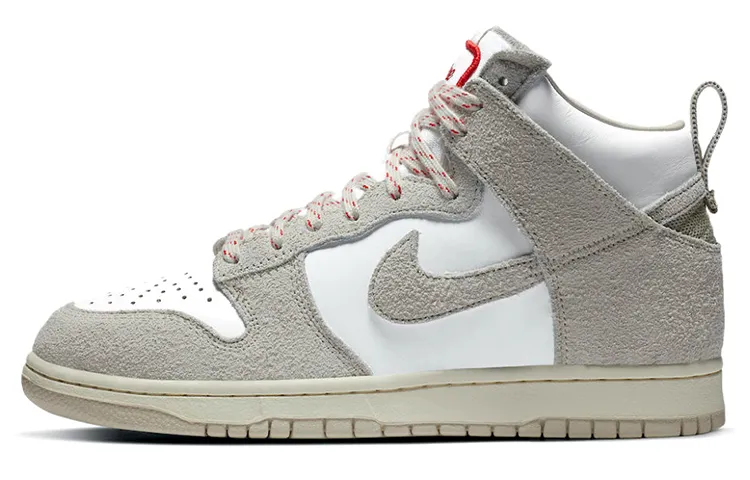 Nike Dunk High Notre Light Orewood Brown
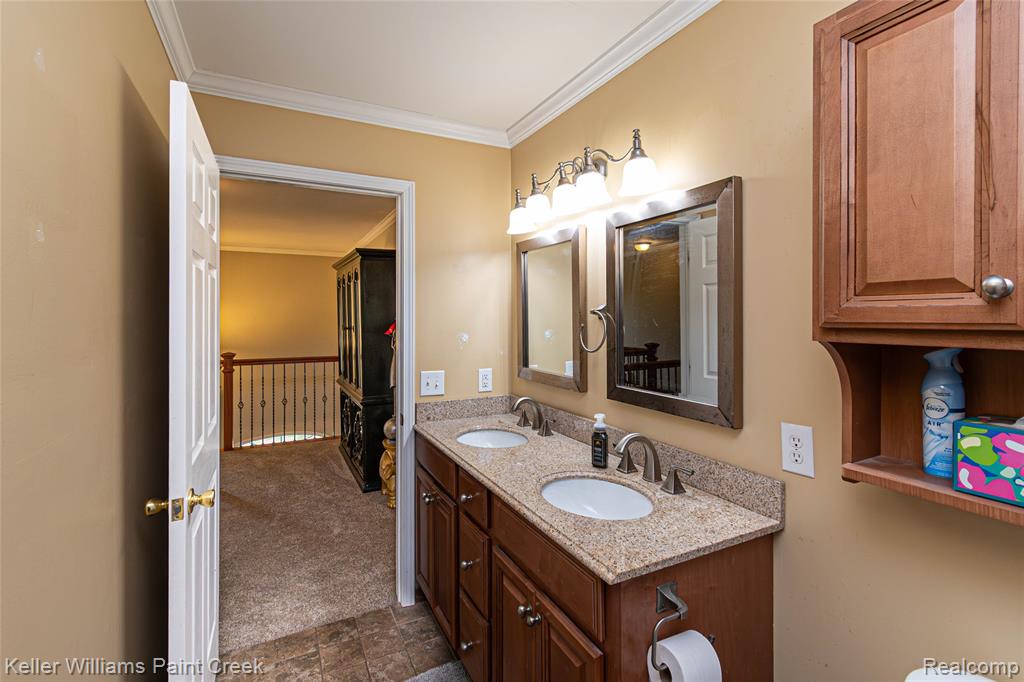 71030 E Pond Creek Drive, Romeo, MI 48065 — Photo 43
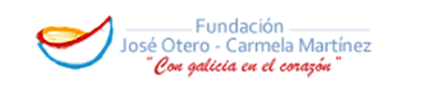 Fundación José Otero - Carmela Martínez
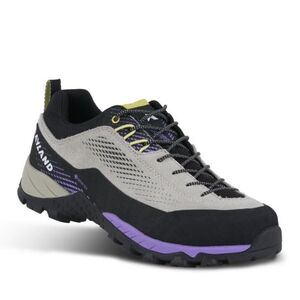 Dámská nízká turistická obuv KAYLAND-Miura Ws Gtx, Grey/Purple obraz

────────────────

Exercise description =
Your response must reproduce the listing above word for word and must contain none of its pictures.

Answer section =
 Nike Dunk High Notre Light Orewood Brown
 71030 E Pond Creek Drive, Romeo, MI 48065 — Photo 43
 Fundación José Otero - Carmela Martínez
 Dámská nízká turistická obuv KAYLAND-Miura Ws Gtx, Grey/Purple obraz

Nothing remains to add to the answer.